* TO DO: The response should be the lines of the data, starting at the first and ending at the one that contains "CORAL BAY Sandles", copied without change.

**** ENTRIES SHOWN

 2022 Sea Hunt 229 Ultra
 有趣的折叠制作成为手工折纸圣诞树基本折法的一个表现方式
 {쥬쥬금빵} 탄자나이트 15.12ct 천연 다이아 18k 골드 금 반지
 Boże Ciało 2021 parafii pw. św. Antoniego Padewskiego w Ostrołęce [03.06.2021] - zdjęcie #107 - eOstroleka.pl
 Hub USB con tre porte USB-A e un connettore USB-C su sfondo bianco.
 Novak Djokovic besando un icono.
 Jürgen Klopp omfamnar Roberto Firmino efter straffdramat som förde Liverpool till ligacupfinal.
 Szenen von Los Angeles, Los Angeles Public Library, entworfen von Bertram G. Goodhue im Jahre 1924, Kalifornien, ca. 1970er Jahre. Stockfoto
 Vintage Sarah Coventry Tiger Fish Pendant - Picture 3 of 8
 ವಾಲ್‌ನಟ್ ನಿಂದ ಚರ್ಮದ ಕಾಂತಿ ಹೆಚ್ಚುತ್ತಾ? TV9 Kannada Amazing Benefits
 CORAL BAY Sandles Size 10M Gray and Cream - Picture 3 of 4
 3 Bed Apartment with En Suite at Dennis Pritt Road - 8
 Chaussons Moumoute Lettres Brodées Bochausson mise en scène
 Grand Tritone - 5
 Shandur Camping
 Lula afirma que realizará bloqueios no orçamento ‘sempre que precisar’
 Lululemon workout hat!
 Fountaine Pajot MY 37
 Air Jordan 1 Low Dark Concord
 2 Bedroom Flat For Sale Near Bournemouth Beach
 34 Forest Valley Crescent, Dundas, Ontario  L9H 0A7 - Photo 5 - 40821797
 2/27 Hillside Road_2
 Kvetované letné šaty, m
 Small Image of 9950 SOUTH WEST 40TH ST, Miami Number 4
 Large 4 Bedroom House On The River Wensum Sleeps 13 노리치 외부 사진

********

* YOUR RESPONSE:
 2022 Sea Hunt 229 Ultra
 有趣的折叠制作成为手工折纸圣诞树基本折法的一个表现方式
 {쥬쥬금빵} 탄자나이트 15.12ct 천연 다이아 18k 골드 금 반지
 Boże Ciało 2021 parafii pw. św. Antoniego Padewskiego w Ostrołęce [03.06.2021] - zdjęcie #107 - eOstroleka.pl
 Hub USB con tre porte USB-A e un connettore USB-C su sfondo bianco.
 Novak Djokovic besando un icono.
 Jürgen Klopp omfamnar Roberto Firmino efter straffdramat som förde Liverpool till ligacupfinal.
 Szenen von Los Angeles, Los Angeles Public Library, entworfen von Bertram G. Goodhue im Jahre 1924, Kalifornien, ca. 1970er Jahre. Stockfoto
 Vintage Sarah Coventry Tiger Fish Pendant - Picture 3 of 8
 ವಾಲ್‌ನಟ್ ನಿಂದ ಚರ್ಮದ ಕಾಂತಿ ಹೆಚ್ಚುತ್ತಾ? TV9 Kannada Amazing Benefits
 CORAL BAY Sandles Size 10M Gray and Cream - Picture 3 of 4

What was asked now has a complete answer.